Fin avril, le Liban a vu une résurgence des protestations contre le pouvoir. Le confinement a amplifié les effets de la crise économique qui s’aggrave depuis l’été 2019.

Le pays croule sous une dette de 92 milliards de dollars, soit 170 % du PIB, dont les principaux bénéficiaires ont été les clans politiques qui ont pillé les caisses de l’État depuis la fin de la guerre civile (1975-1990) ainsi que les banques prêteuses qui bénéficiaient de taux d’intérêt très avantageux.

Le montant de la dette augmentant, conjugué à la pénurie de dollars entraînée par la crise économique mondiale, les gouvernements ont enchaîné en 2019 des mesures d’austérité qui ont fini par déclencher une vague de protestations. Certaines de ces mesures ont ensuite été annulées, et le gouvernement de Saad Hariri a dû démissionner. Mais la situation a continué à s’aggraver avec une forte dépréciation de la livre libanaise face au dollar et une inflation galopante conduisant à la baisse du pouvoir d’achat de près de 60 % en un an et à la faillite de nombre de petites entreprises. Le chômage a explosé. Le taux de personnes vivant sous le seuil de pauvreté dépasse désormais 50 % de la population.

Le confinement débuté en mars n’a fait qu’aggraver la situation. Les protestations ont repris, notamment à Tripoli, foyer de la contestation depuis plusieurs mois et l’une des régions les plus pauvres du pays, où la main-d’œuvre est très précaire. Aux cris de « On a faim ! », les manifestants se sont attaqués aux banques et se sont rassemblés autour des résidences des personnalités les plus riches de la ville. L’armée leur a fait face en déployant ses blindés et en tirant, faisant un mort le 27 avril parmi les manifestants.

Le 30 avril, le gouvernement Hassan Diab a annoncé une série de mesures d’austérité destinées à obtenir le soutien financier du FMI pour faire face à son incapacité de payement. Le texte comporte des hausses d’impôts et des suppressions d’emplois dans le secteur public. L’électricité devrait augmenter et il est question d’une baisse des subventions.
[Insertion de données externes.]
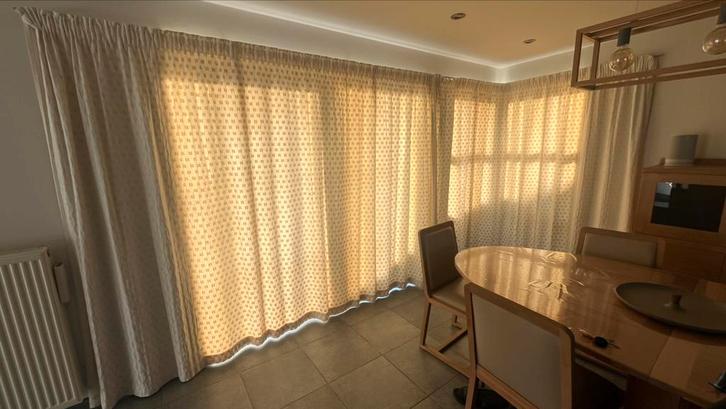 Prachtige gordijnen en 2 jaloezieën in eigentijdse stijl, Huis en Inrichting, Stoffering | Gordijnen en Lamellen, Zo goed als nieuw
Espérant calmer la protestation, le plan promettait vaguement de « récupérer l’argent volé » comme le réclamaient les manifestants depuis des mois. Mais personne ne croit à la volonté d’un gouvernement issu de la classe politique qui a volé le pays depuis des décennies d’appliquer une telle mesure ni de lutter contre la corruption des « élites ».

En réalité, ce plan, mis en place pour répondre aux exigences du FMI, ne fera qu’aggraver la situation pour les pauvres déjà frappés de plein fouet par la hausse vertigineuse des prix alimentaires et par l’extension du Covid-19. C’est la même logique que celle des gouvernements précédents. La seule façon d’y faire face reste la force collective, comme la population a pu déjà le vérifier.